Cherney, who stepped on the crash scene after it happened, said it looked like one classic case of sleeping at the wheel.
“It’s probably fair to say that if he had stepped on the brakes after jumping the bulkhead, he wouldn’t have traveled that far, had so much damage to the front of his car, and had not had such major injuries to his foot, just because he would have reduced the speed of his vehicle, ”said Cherney.
Sheriff Alex Villanueva said last week the crash was “an accident.”
However, the sheriff’s department toned down a bit this Tuesday after USA asked TODAY Sports what the basis of that conclusion was.
“The sheriff discussed the information known at the time and said it appeared to be a traffic accident,” the department said in a statement. “However, the investigation into the traffic accidents is (ongoing) and traffic investigators have not drawn any conclusions as to the cause of the collision.”
Schloegl confirmed that the black box data was downloaded but did not disclose its contents.

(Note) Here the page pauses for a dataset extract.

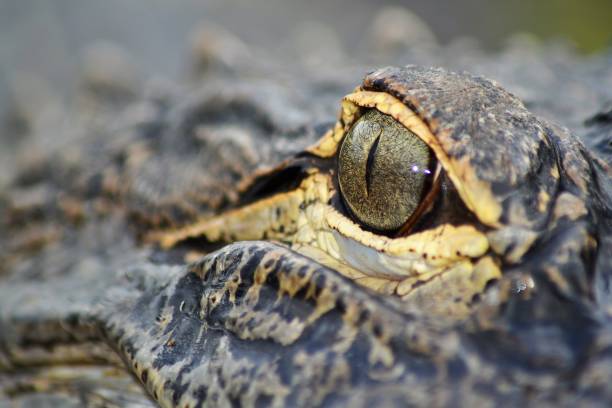 istock crocodile eye close up in Everglades Florida 1268297881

The data from this can typically indicate the speed, the steering angle, the braking and acceleration activity of the vehicle before the impact.
“When it comes to receiving an arrest warrant or downloading it from the car, we just do it automatically,” said Schloegl. “We want answers, so we take this route.”
He said Genesis took possession of the vehicle.
“We’re done with that,” he said. “We have everything we need.”